The years before the First World War were the era of Edward Carson’s inflammatory Unionist speeches against Home Rule, of ‘not-an-inch-Jimmie’, of ‘Ulster will fight and Ulster will be right’, of a developing siege mentality among many Ulster Protestants. While the Murdochs and Maxwells who were Brethren were unquestionably Unionist, they also – even if male and so eligible – did not dream of voting, ‘For we have here no continuing city, but we look for one that is to come.’
When Hughes went to London at the age of sixteen in June 1906 to train for his civil service exam, first as a boy clerk at Scotland Yard then, later that year, with the Charity Commission, he, who is remembered as gentle, liberal, and free-thinking, was escaping from what his daughter Iris was to term the puritanism of his ‘black Protestant’ forebears.13 A letter from Hughes to his mother shortly after his arrival still evinces some fundamentalist piety, but perhaps the fleshpots of London helped wean him from it. This was a puritanism from which Iris claimed to have inherited something of value. Hughes would stay on friendly terms with both his sisters, and perhaps achieved this the more effectively by rationing their time together.
In 1908 he took his civil service exams, and in 1910 is shown certified as a ‘second Division Clerk’ with, in turn, the Local Government Board, the Home Office and the Treasury. In the four years running up to the outbreak of the First World War he worked at the ‘General Valuation Department (Ireland)’ in Dublin, staying with his Uncle Elias and his son Harold in Kingstown (later Dun Laoghaire), just outside the city, where they ran two ironmongers’ shops.14 From there it would have been a two-and-a-half-hour train journey to spend a weekend with his mother and sisters, 110 miles away in Belfast. Hughes swam in the so-called ‘Forty-Foot’, the natural pool ‘for gentlemen only’ by the Kingstown Martello Tower, both immortalised early on in Joyce’s Ulysses. Swimming there was his idea of bliss, and he always referred to it reverentially.

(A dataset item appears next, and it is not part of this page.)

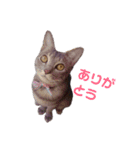 ルナロペスすたんぷ（個別スタンプ：1）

Photographs show him as a tall and attractive fair-haired man, with a self-contained air and a mild blue-eyed gaze that seems both retiring and contemplative, yet also ‘present’. The quality of quiet inwardness for which he is recalled, and which must have won him admirers, is visible too. The Murdoch family photograph album begins with cards from two girls, one strikingly beautiful, signed ‘With love from Daisy, October 1916’ and ‘To Hughes with love from Lillie, October 1917.’*
In January 1916, when mainland conscription started, there was none in Ireland, for fear of its political unpopularity. Hughes enlisted on 19 November 1915;15 the first photographs of him in his regimentals date from 1916. He was accustomed to farm life — 'He was very horsey,’ Iris remarked16 – which was why he entered a yeoman cavalry regiment, the First King Edward’s Horse, ‘The King’s Oversea [sic] Dominions Regiment’. Whether, like Andrew in The Red and the Green, also an officer in King Edward’s Horse, he did ‘bombing from horse-back’ – galloping in single file past German gun-emplacements and hurling Mills bombs into them – is not recorded. Generally, cavalry regiments were kept some distance from the front, and Iris later thought that this saved her father’s life.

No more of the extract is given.